La teoría a la que aludía Hapgood había sido postulada por primera vez en 1908 por un geólogo aficionado yanqui llamado FRANK BURSLEY TAYLOR, procedente de una familia con posibles, y libre de limitaciones académicas, porque lo que podía emprender vías de investigación bastante heterodoxas. Se sorprendió ante la similitud de formas entre los litorales opuestos de África y Suramérica, y dedujo que los continentes habían estado en movimiento en otros tiempos.

Propuso, de una forma casi clarividente, que el choque de los continentes podría haber hecho surgir las cadenas montañosas del globo, aunque sin aportar pruebas, lo que hizo que se desechase totalmente la teoría.

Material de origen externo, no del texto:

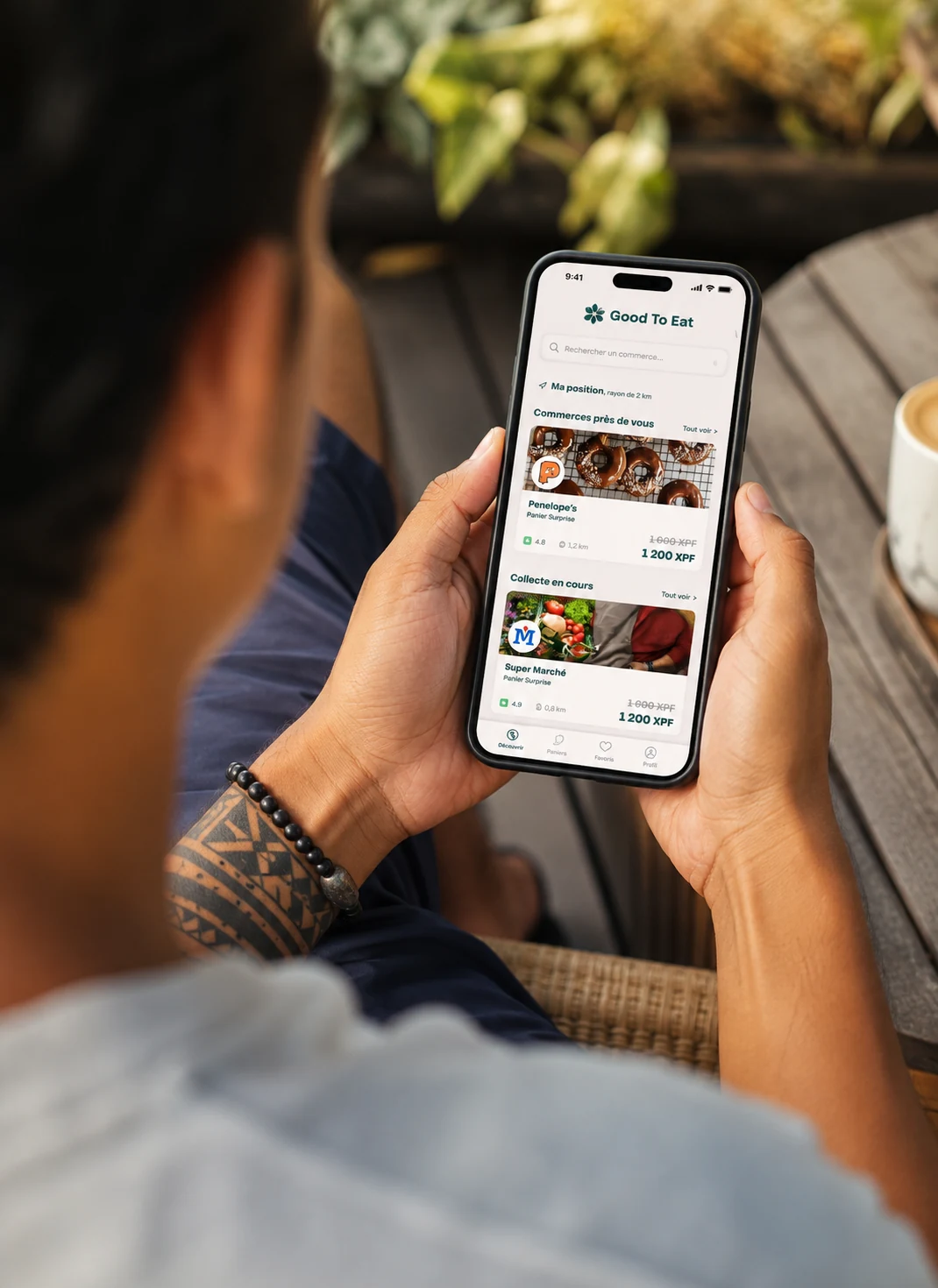 Un téléphone tenu en main, l’app ouverte sur la carte, en extérieur.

La historia de la ciencia está llena de listos y de listillos. A este último grupo pertenece un teórico alemán llamado ALFRED WEGENER, que, literalmente, se apropio de la idea de Taylor. Era un meteorólogo que investigo muchas plantas y fósiles que no encajaban en el modelo oficial de la historia de la tierra: aparecían insistentemente en orillas opuestas de océanos que eran demasiado grandes para ser cruzados a nado, o para que las semillas fuesen volando con el viento.

Así Wegener, desarrollando la idea que había robado al bueno de Taylor, propuso que en algún momento de la antigüedad los continentes habían formado una sola masa terrestre, que denomino Pangea, donde flora y fauna existieron, antes de dispersarse y acabar llegando a los emplazamientos actuales. Cuando publico el libro no tuvo mucha aceptación por culpa de la Primera Guerra Mundial, pero luego, en 1920 comenzó a ser tema de debate en la comunidad científica.

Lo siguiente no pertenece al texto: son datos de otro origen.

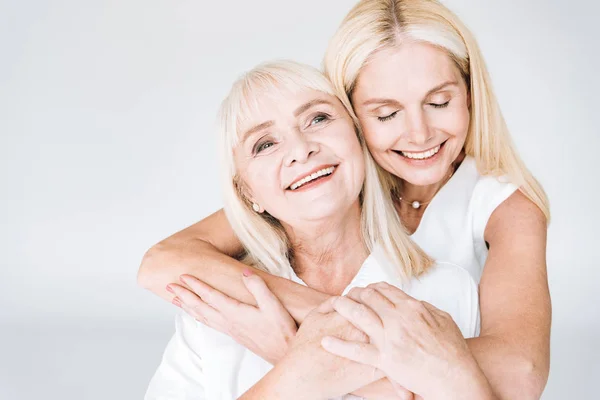 Feliz rubia madura hija y senior madre en total blanco trajes abrazando aislado en gris - foto de stock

En aquella época todo el mundo aceptaba que los continentes se movían… pero solo hacia arriba y hacia abajo, no hacia los lados. El proceso del movimiento vertical, conocido como Isostasia, fue artículo de fe en geología durante generaciones, aunque nadie podía explicar cómo y porque se producía.

Una hipótesis curiosa era el efecto “manzana asada”, propuesta por el austriaco EDUARD SUESS, que afirmaba que la tierra fundida, tras enfriarse, se había quedado arrugada, formándose así las cuencas oceánicas y las cadenas de montañas… pero estas no estaban distribuidas de forma homogénea por la tierra, además, a principios del siglo XX ya se sabía que algunas cordilleras eran más jóvenes que otras, como los Urales o los Apalaches.

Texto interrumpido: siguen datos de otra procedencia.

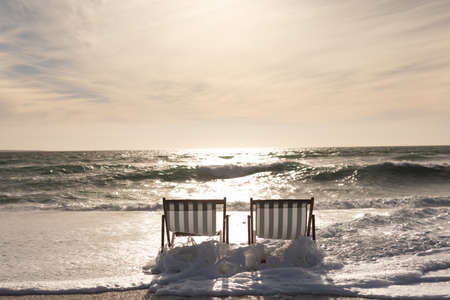 Wave splashing on empty two folding wooden chairs at beach against sky during sunset. nature and...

Pero la teoría de Wegener y su Pangea no fueron aceptadas inmediatamente: los escépticos plantearon soluciones del tipo “puentes de tierra”, para explicar la similar distribución de los fósiles a ambos lados de las cuencas oceánicas… y seria Arthur Holmes, aquel geólogo ingles que tanto hizo por determinar la edad de la tierra, quien aportaría una sugerencia interesante: comprendió que el calentamiento radiactivo podía producir corrientes de convección en el interior del planeta, y que estas podrían ser lo suficientemente fuertes como para provocar el desplazamiento de los continentes de un lado a otro.

Así Holmes, en su popular “Principios de la geología física” de 1944, expuso por primera vez la teoría de la deriva continental, que, en sus ideas fundamentales, prevalece hoy en día, aunque en su momento fue enormemente criticada y tachada de radical y ridícula. Sobre todo por un problema: ¿Adonde iban a parar los sedimentos que arrastraban los ríos de la tierra?

Los fondos oceánicos deberían estar llenos de estos sedimentos, pero no es así…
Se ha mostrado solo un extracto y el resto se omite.